• [How to complete this task]
Every line below is to be given again precisely; images are to be left out.

• [Given material]
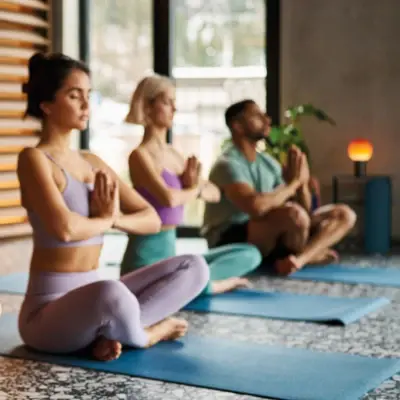 Gruppe junger Menschen bei einer Yoga-Session im modernen Studio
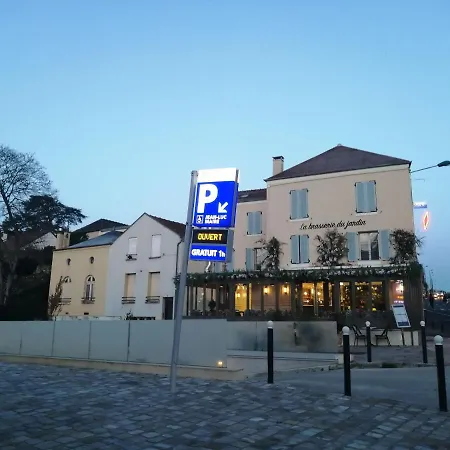Le Cosy & Boise De Apartment Pontoise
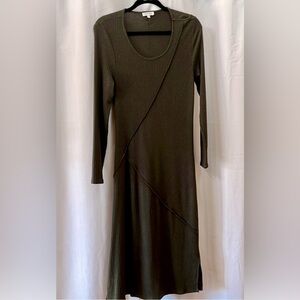 BLUMIND- Elegant Olive Green Ribbed Midi Dress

• [Output for this exercise]
 Gruppe junger Menschen bei einer Yoga-Session im modernen Studio
Le Cosy & Boise De Apartment Pontoise
 BLUMIND- Elegant Olive Green Ribbed Midi Dress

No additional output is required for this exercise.